A advogada Maria Rita Lunardelli também destaca que para as agências postais não é cabível a cobrança de ISS sobre a remuneração paga pelas franquias pelo direito de uso da marca. “Nos Correios há uma espécie de modelo inverso. A agência franqueada não paga royalties à dona da marca, mas recebe comissão da ECT”. O contrato das franquias postais também não se enquadraria na representação comercial pela falta de autonomia de trabalho das agenciadas.

O diretor jurídico da Associação Brasileira de Franchising no Rio de Janeiro, Daniel Gudiño, também acredita que não deve haver incidência de ISS sobre qualquer tipo de franquia. “Nesses casos sobressai a obrigação de dar. A prestação de serviço, portanto, envolve mais a licença do uso de marca e manter o padrão de qualidade estabelecido por ela”, afirma. Ele discorda, no entanto, sobre o afastamento de cobrança sobre a coleta postal feita por agências franqueadas.

Gudiño menciona um parecer da Procuradoria-Geral da República, que recomenda o parcial provimento para a ADI proposta pela Anafpost. O documento reitera que o núcleo do contrato de franquia não compreende prestação de serviço, mas o uso da marca e de know-how. Dessa forma, o legislador da LC 116/2003 teria extrapolado as competências constitucionais ao incluir as franquias na lista de passíveis de cobrança de ISS. O Superior Tribunal de Justiça, diz o parecer, tem entendimento favorável a não cobrar o imposto para empresas franqueadas.

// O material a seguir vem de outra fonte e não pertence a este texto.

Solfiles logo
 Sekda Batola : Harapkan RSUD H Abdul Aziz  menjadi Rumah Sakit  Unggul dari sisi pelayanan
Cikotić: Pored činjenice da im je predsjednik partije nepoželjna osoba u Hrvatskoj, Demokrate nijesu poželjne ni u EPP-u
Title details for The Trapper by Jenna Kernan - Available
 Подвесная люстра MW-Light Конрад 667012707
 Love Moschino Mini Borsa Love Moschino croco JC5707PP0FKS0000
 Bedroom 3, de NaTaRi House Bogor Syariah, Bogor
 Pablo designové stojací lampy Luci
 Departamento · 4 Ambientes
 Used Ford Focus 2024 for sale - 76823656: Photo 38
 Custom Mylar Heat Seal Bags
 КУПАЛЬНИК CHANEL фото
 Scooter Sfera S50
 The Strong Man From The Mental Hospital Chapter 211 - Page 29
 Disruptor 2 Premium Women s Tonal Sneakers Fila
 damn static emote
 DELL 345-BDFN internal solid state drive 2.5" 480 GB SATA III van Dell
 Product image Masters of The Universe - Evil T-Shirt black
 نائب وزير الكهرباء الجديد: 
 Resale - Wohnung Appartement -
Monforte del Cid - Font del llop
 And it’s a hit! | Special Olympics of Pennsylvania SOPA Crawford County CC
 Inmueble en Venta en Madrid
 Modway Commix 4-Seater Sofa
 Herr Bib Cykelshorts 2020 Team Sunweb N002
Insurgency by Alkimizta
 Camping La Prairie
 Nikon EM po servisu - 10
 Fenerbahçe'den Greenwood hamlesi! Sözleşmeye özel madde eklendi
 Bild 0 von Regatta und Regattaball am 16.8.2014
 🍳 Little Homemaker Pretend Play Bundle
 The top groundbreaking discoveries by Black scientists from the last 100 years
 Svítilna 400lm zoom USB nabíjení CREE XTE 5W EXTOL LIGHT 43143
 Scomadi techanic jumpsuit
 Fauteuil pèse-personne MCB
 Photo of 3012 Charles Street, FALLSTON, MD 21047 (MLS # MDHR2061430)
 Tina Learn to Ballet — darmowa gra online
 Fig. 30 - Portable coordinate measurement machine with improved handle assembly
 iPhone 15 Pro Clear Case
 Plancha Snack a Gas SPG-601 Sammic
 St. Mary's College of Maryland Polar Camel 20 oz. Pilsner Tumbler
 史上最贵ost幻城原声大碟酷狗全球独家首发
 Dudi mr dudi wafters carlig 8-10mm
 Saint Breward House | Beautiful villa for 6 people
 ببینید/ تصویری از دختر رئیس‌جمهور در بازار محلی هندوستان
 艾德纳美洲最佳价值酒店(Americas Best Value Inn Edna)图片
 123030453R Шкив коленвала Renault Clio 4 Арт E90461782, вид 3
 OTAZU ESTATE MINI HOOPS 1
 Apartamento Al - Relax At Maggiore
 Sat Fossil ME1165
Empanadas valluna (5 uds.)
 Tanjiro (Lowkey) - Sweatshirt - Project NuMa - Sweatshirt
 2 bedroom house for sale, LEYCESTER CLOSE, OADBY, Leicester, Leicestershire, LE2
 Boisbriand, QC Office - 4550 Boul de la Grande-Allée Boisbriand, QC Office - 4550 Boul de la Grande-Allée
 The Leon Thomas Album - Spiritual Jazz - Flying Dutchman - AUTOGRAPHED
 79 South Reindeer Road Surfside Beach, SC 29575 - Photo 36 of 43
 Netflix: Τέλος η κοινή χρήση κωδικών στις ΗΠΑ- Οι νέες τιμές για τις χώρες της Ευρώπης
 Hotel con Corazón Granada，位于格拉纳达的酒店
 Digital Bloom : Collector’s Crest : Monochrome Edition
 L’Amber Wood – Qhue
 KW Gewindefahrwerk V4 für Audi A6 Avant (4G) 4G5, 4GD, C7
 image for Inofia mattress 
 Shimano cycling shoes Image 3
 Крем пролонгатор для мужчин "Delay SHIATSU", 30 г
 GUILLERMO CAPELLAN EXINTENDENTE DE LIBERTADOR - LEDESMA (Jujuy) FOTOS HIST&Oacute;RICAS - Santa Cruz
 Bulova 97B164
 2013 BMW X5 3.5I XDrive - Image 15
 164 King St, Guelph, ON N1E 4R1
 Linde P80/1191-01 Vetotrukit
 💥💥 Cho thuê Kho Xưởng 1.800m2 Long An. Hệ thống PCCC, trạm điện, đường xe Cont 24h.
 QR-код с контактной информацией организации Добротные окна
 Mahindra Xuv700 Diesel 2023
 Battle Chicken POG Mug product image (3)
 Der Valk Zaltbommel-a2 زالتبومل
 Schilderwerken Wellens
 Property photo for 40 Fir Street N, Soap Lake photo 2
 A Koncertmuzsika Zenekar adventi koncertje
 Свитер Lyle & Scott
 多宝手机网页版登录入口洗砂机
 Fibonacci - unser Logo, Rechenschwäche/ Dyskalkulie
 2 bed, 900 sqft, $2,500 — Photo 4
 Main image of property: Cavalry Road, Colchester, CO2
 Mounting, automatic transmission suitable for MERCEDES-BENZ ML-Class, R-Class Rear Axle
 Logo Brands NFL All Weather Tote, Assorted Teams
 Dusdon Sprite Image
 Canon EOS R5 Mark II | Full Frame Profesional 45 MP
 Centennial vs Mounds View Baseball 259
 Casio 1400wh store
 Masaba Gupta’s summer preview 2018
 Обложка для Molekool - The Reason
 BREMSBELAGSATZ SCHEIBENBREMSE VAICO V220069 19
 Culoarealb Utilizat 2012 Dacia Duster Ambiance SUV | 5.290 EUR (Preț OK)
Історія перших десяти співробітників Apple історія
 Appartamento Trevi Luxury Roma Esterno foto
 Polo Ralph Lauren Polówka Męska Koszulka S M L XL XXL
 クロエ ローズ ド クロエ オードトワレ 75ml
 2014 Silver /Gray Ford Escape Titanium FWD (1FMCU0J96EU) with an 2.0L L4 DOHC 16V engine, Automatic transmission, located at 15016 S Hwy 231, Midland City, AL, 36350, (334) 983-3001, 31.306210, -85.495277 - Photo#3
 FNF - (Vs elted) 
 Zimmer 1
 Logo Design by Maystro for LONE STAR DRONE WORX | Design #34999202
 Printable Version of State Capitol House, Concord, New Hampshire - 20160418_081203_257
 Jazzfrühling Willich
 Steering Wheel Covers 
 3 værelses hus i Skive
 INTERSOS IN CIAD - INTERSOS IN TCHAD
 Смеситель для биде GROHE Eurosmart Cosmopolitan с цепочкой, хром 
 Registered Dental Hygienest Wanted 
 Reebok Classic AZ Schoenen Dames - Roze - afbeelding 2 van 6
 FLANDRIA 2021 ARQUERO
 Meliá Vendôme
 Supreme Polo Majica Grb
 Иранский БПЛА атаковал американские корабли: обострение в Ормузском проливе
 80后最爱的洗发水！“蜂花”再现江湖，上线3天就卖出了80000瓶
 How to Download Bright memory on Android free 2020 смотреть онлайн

Por outro lado, a PGR reconhece obrigação de fazer no serviço de coleta postal. “A hipótese da incidência não é a relação contratual estabelecida entre a agência e a ECT, mas sim as atividades de coleta, remessa ou entrega de bens, independentemente do sujeito que as desempenhe”, aponta o relatório, assinado pelo procurador-geral da República, Roberto Gurgel. Desse modo, as agências franqueadas não são responsáveis pelo serviço público postal, mas são coadjuvantes na operacionalização do trabalho e sujeitas ao pagamento do tributo.